I was finally cleaning up (er, starting to clean up...) the stacks of papers on my desk, read and half-read, and started to experiment with Zotero, a pretty promising free reference management system. In the past, I have used Endnote, which works perfectly, but since I work on two computers -- one at work, the other at home --, it's kind of a pain to coordinate the two reference files. The Zotero creators at GMU at least promise remote library syncing for the future. Let's see. So far, Zotero works if I type in references, but its import facility does not work with some of the research databases I use. Still, it's a free reference management system, and therefore should be of interest to some of my undergrad students who have already spent enough money on textbooks...
Now, fiddling with Zotero, I remembered that a couple of years ago I had experimented with a reference database system called CitULike, also free and completely online. The neat thing with this one is that it pools the references that users enter, somewhat like del.icio.us, which means that some references you would type in are already present. CiteULike lets you export references in Endnote and BibTeX format, which is fine for me, as I write most of my papers anyway in LaTeX. And for people who want to save some money, or students who expect to write only a handful research papers in their life, the combination of the two programs could make life easier.

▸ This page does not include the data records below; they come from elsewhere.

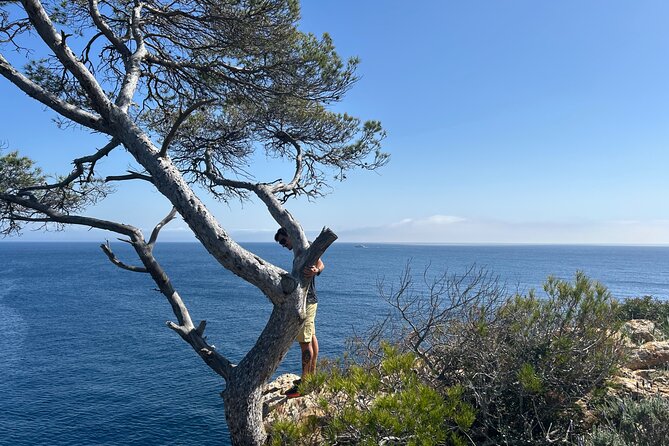 Mallorca Secret Coves Land Rover Private Tour - The four-cove plan: what you gain in 6 hours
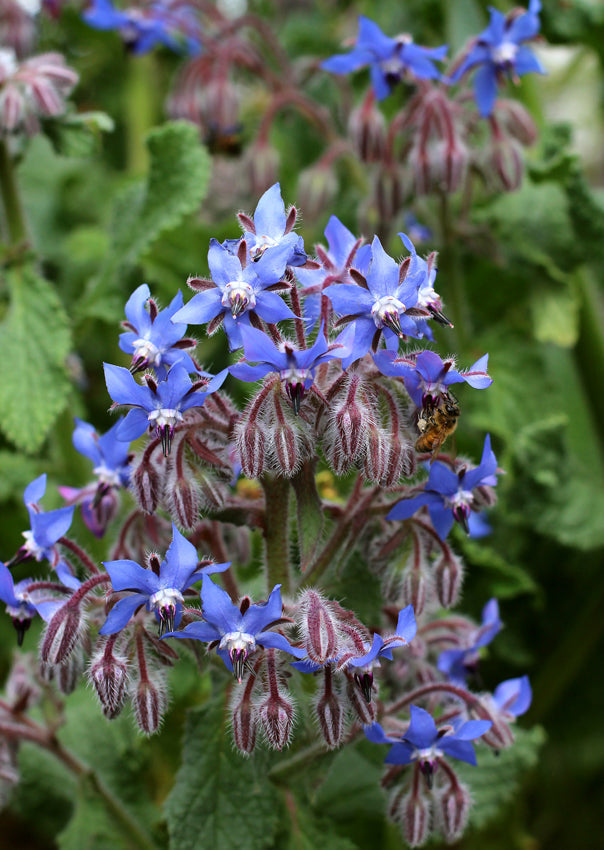 Dark Blue Borago Flower seeds for Planting Compact Growth, Heirloom & GMO Free Seeds for Home Garden vegetable and garden seeds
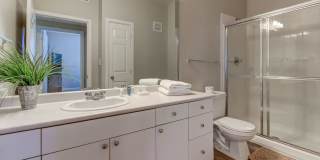 The Saulet Gallery 14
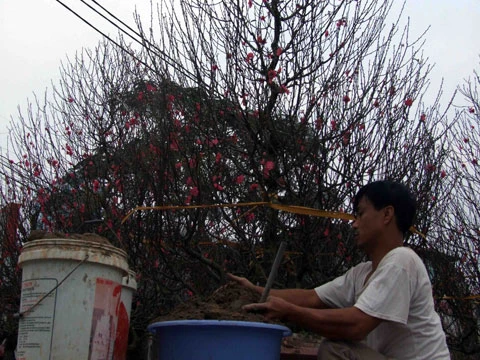 Đào Hà Nội rực rỡ xuống phố ảnh 3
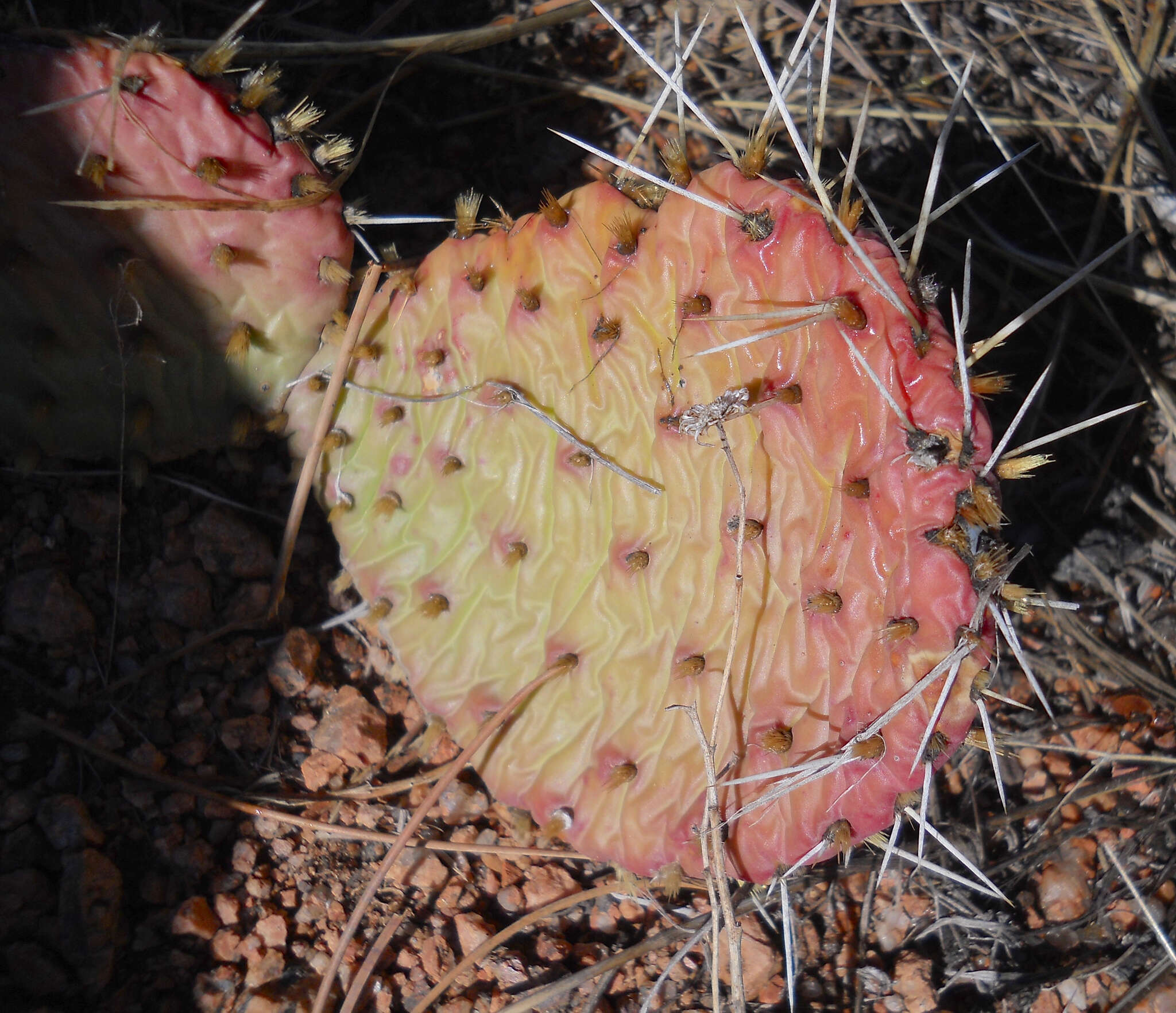 Image of Grassland Pricklypear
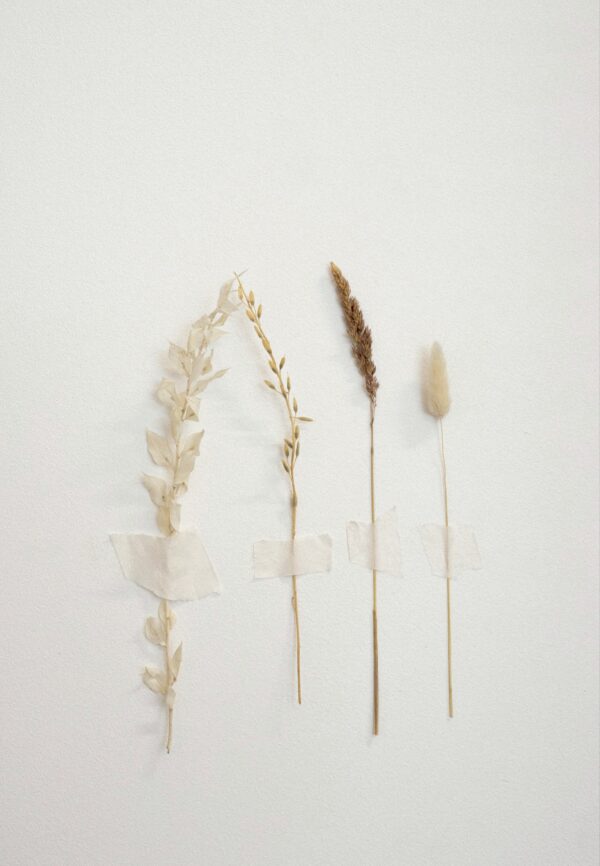 Intersection of BONE & BLOOM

Just as I was writing this, a Zotero update came in. Tagging is easier now, it seems, a couple of database translators have been fixed, others have been added. Alas, importing references from EBSCO still doesn't work for me (and this means that I have to type in recent APSR articles). However, (I could have thought about it earlier,) CiteULike works perfectly with Zotero. I can input my references into CiteULike (if they're not already there), and when I need them I just suck them into Zotero (or save them as BibTeX). Not bad.